In the seventies, there was a commercial for the game. It showed a kid who would yell to his opponent after a successful kill, "You sunk my battleship." So I was waiting for this moment of pop culture. Alas, the writers couldn't get it in. But they got close with a sailor saying something like they "won't sink this battleship."
I've got to give it to the filmmakers for channeling the game for the movie. Remember the plastic pegs from the game? Well, the aliens fire mines shaped like the pegs. The flying mines stick in the hulls of the ship before they explode. The aliens also have a spinning wheel machine that can wreck havoc on targets.

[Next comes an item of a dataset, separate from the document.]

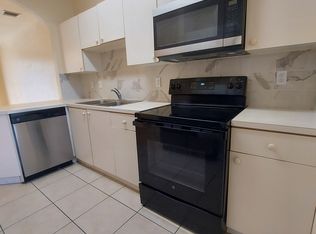 636 E Mowry Ct, Homestead, FL 33030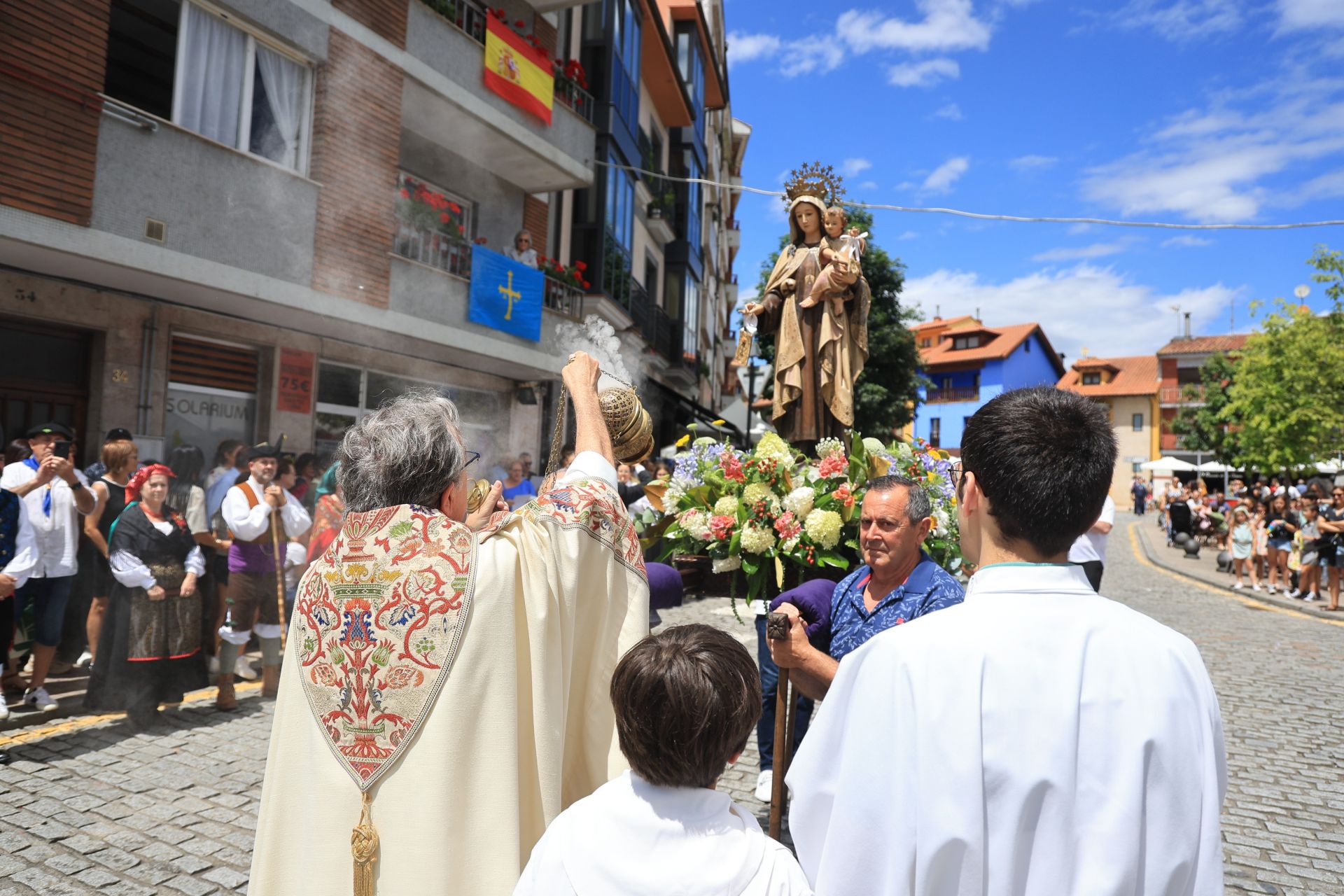 El Carmín de La Pola: misa y procesión antes de la romería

If peg shaped mines sounds illogical, this movie is full of moments like that. One thing I didn't get is why the aliens did not obliterate Alex's destroyer in the first encounter. Oh, that's right you wouldn't have a movie. But after the dumb actions by the humans in the first half hour, I was rooting for the aliens until you realize the aliens are as dumb as the humans. And to bring credibility to this mess, you have Rihanna. There is one remarkable moment with her. With all the mayhem around her and with her jumping in the water, her baseball cap stays on.
So, was there anything of redeeming value to Battleship? Yeah, it's actually the part where the John Paul Jones and the alien ships can't see each other. The humans use tsunami buoys to locate the aliens, with another nod to the board game. It's tense. But you have to wade through an hour of stupidty before we get there.
An American apologizes to Scotland.
After the credits run, there's one more scene of cinematic stupidity. Three Scottish boys find an alien capsule. They get their father. He decides the smart thing to do is to use his power saw to open it. Right. He doesn't go to the government for help or call the local university. Of course, a Lizard Amish alien comes out. As an American I apologize.
Battleship is so bad, I'm sorry that the U.S. Navy cooperated with the production of this movie. Battleship lowers the cinematic intelligence of this crop of summer movies. It's dumb. And the only thing dumber than this turkey is to make a sequel. The is grade is D.